The State Of California Has The Highest Jobless Rate In The Country. Because Job Growth Has Slowed Down

The State Of California Has The Highest Jobless Rate In The Country. Because Job Growth Has Slowed Down

California now has the highest jobless rate in the country, at 5.3% in February. This is because new data showed that job growth in the state with the most people was much slower than thought last year.

A huge 2.7 million jobs were lost in California at the start of the coronavirus pandemic. Many businesses had to close because of Gov. Gavin Newsom’s “stay at home” order.

The Employment Development Department of the state says that since then, the state has added more than 3 million jobs, which is an amazing rate of just over 66,000 new jobs per month.

But the federal government recently looked at data on unemployment and found that job growth slowed down a lot last year. Every month, the federal government puts out a list of jobs that state governments use to figure out how well the economy is doing. The federal government looks at these numbers every year to see if they match up with salary records. Usually, the changes are small and don’t change how people see the business as a whole.

But this year, the numbers were wrong.
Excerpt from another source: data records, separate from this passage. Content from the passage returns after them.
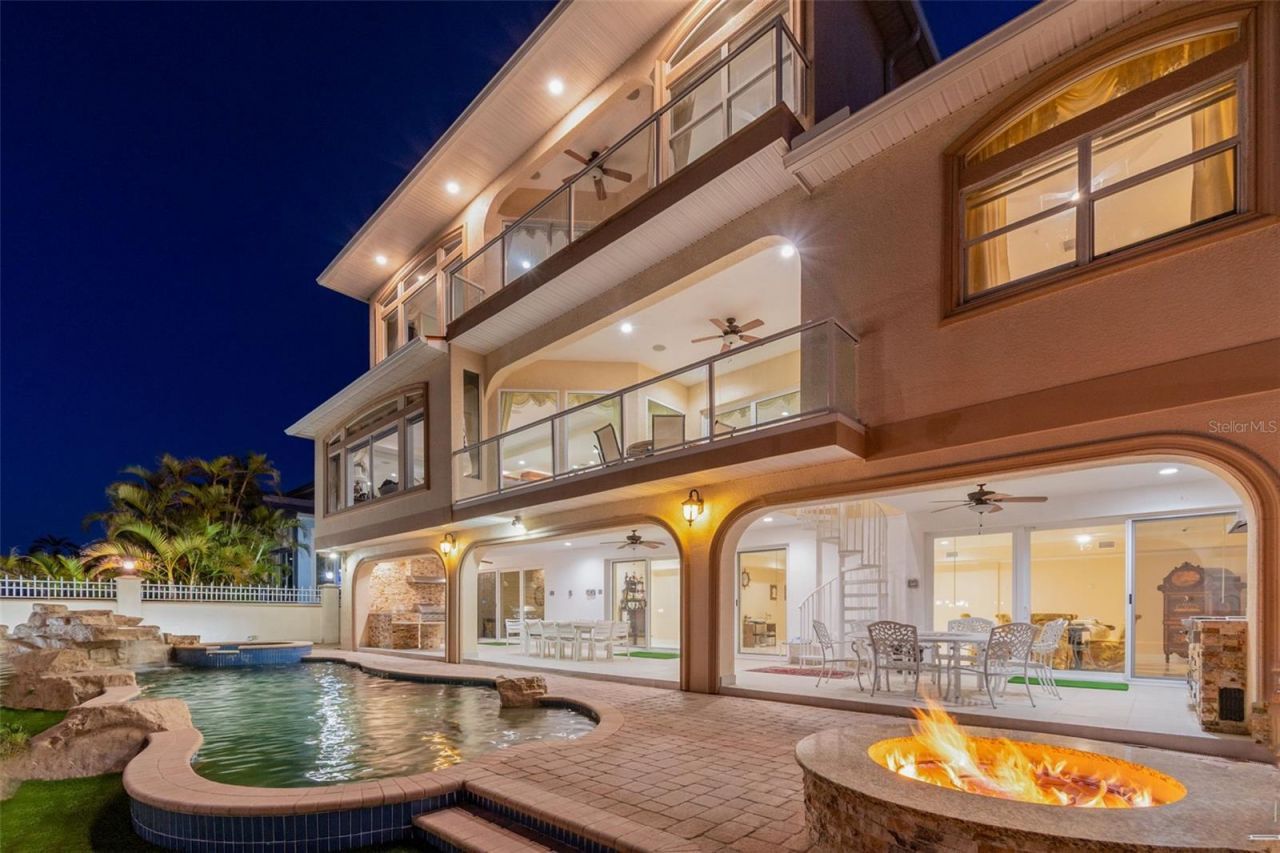 1203 Bay Drive, Belleair Beach, FL 33786 Photo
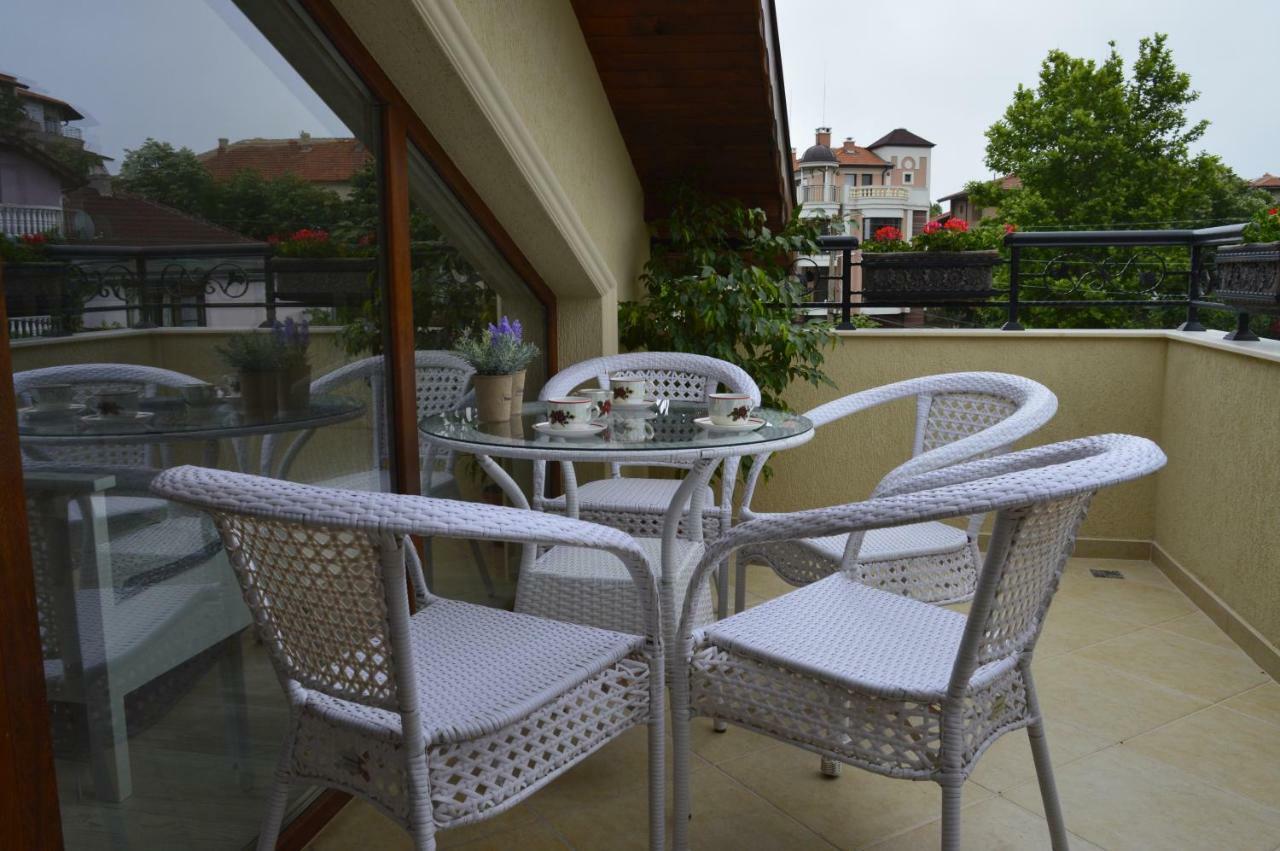 Apartments Dona Chernomorets Bagian luar foto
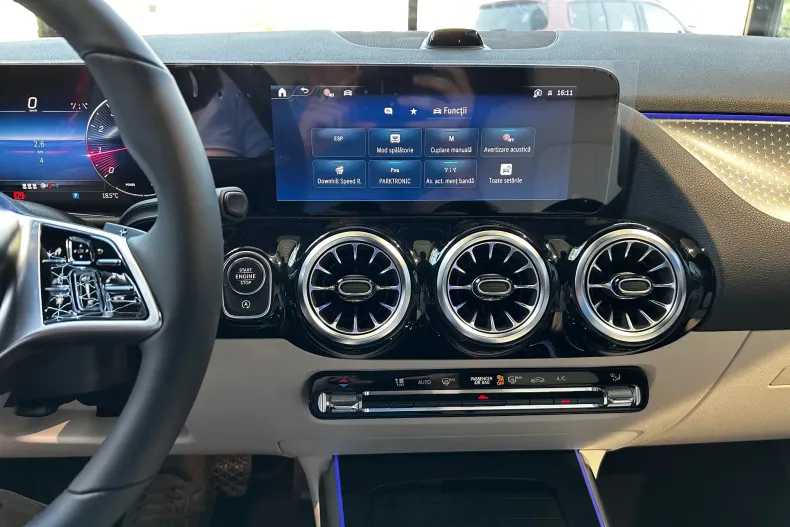 Mercedes-Benz GLA (Clasa GLA) din 2026 cu 6 km - oferta MER220198 - foto 16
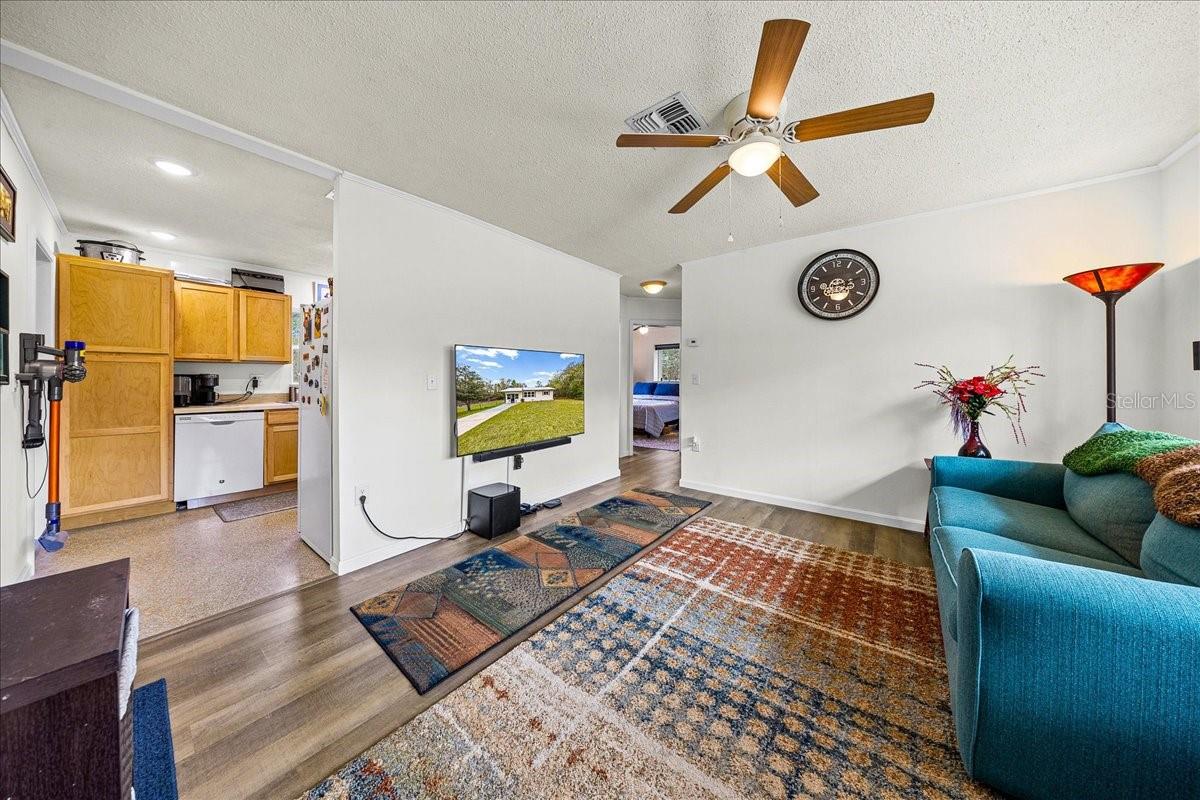 RAINBOW LAKES ESTATE - Residential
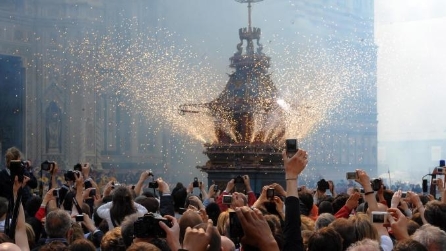 Pasqua a Firenze, anche Renzi al tradizionale scoppio del carro
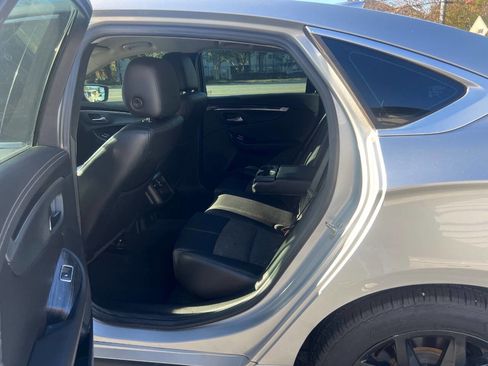 Used 2017 Chevrolet Impala LT image 24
The original report said California added 300,000 jobs from September 2022 to September 2023, but new numbers released earlier this month show the state only added 50,000 jobs during that time.

A professor of finance and economics at Loyola Marymount University named Sung Won Sohn said, “I think California’s economy is the front line of the national economic slowdown.”

It’s hard to guess how many jobs there are. The number comes from polls of workers done every month. According to an analysis by the nonpartisan Legislative Analyst’s Office in California, the survey overestimated job growth in some sectors. The biggest difference was seen in the professional services category, which includes lawyers, accountants, and engineers, who often make a lot of money.

In July of last year, early estimates showed that California gained 9,900 jobs. But after the numbers were fixed, it was found that the state lost 41,400 jobs that month.

People lost their jobs in seven of California’s eleven job areas in February. The biggest drop was in building, where 9,600 jobs were lost because of the problems caused by the strong storms that hit the state in February. The state Employment Development Department says the job losses would have been much worse if the health care sector hadn’t done so well. This was mostly due to job growth in fields like acupuncture and dieting.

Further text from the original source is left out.